*** Extracted information

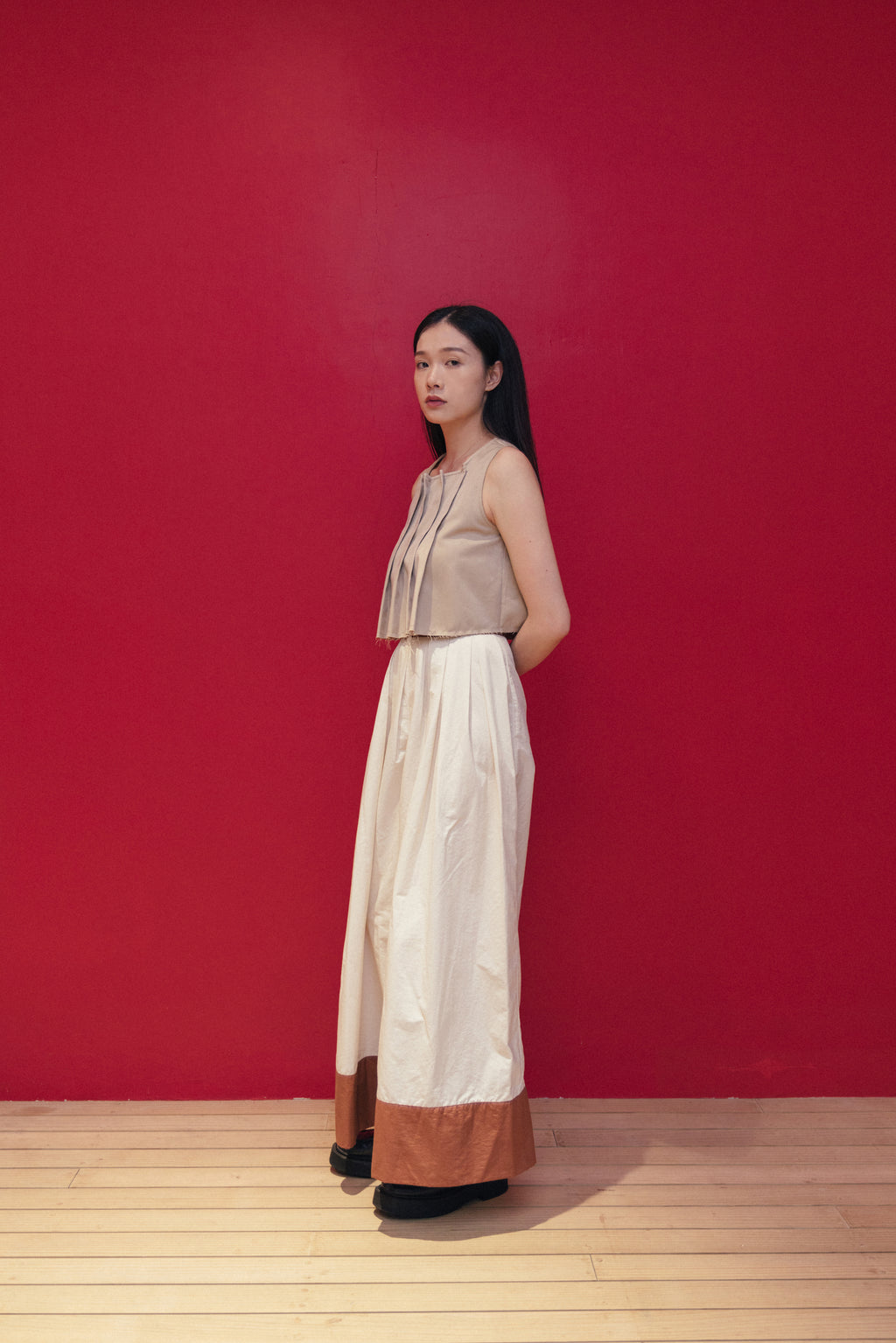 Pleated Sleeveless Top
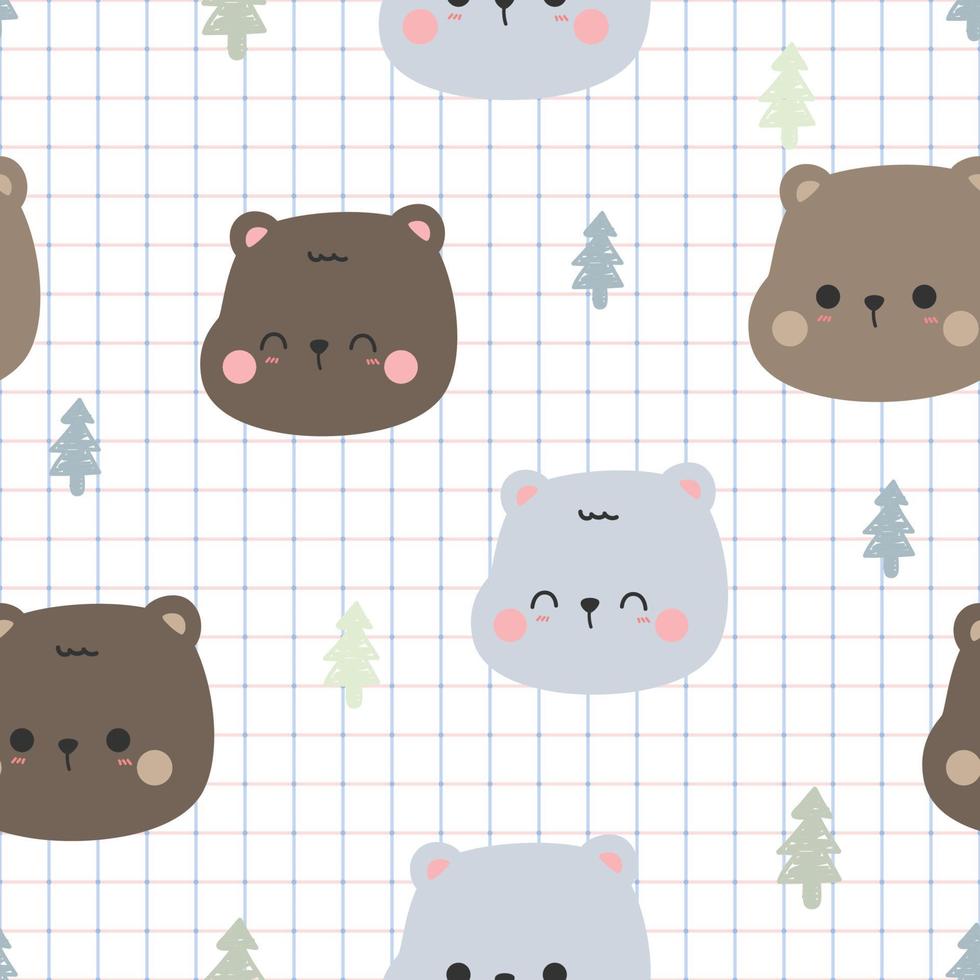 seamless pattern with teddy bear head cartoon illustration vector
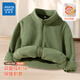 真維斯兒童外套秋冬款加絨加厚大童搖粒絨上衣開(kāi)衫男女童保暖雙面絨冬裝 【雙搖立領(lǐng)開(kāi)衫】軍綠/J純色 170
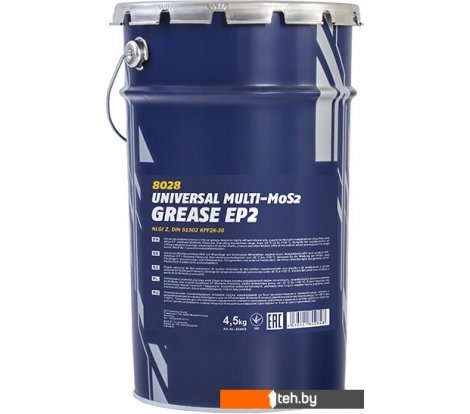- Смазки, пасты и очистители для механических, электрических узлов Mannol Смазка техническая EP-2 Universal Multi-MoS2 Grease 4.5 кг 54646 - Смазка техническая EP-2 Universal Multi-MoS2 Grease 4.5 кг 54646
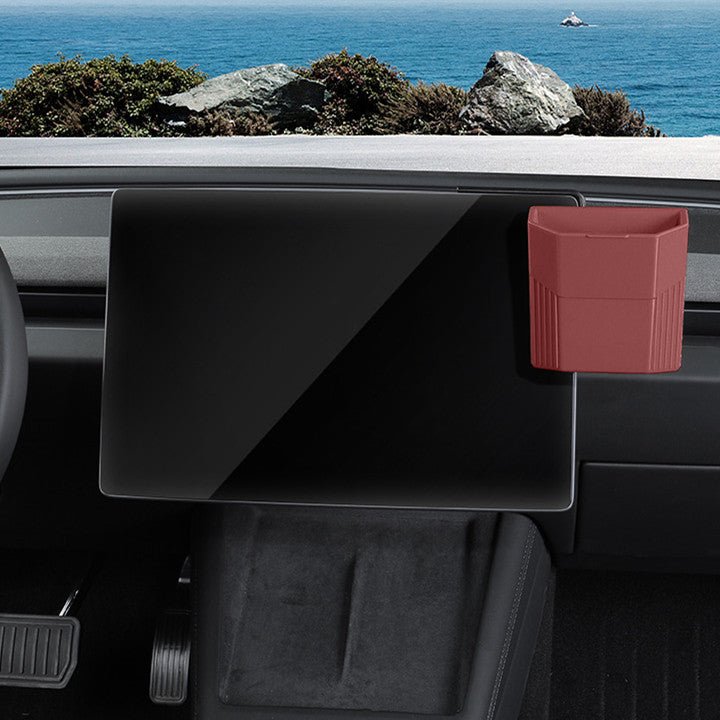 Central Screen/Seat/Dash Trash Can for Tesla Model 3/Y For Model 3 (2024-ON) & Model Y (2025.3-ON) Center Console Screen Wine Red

******

What this task involves: Each entry above must be restated word for word; the pictures stay out of the copy.

Written reply:
 Pleated Sleeveless Top
 seamless pattern with teddy bear head cartoon illustration vector
 真維斯兒童外套秋冬款加絨加厚大童搖粒絨上衣開(kāi)衫男女童保暖雙面絨冬裝 【雙搖立領(lǐng)開(kāi)衫】軍綠/J純色 170
- Смазки, пасты и очистители для механических, электрических узлов Mannol Смазка техническая EP-2 Universal Multi-MoS2 Grease 4.5 кг 54646 - Смазка техническая EP-2 Universal Multi-MoS2 Grease 4.5 кг 54646
 Central Screen/Seat/Dash Trash Can for Tesla Model 3/Y For Model 3 (2024-ON) & Model Y (2025.3-ON) Center Console Screen Wine Red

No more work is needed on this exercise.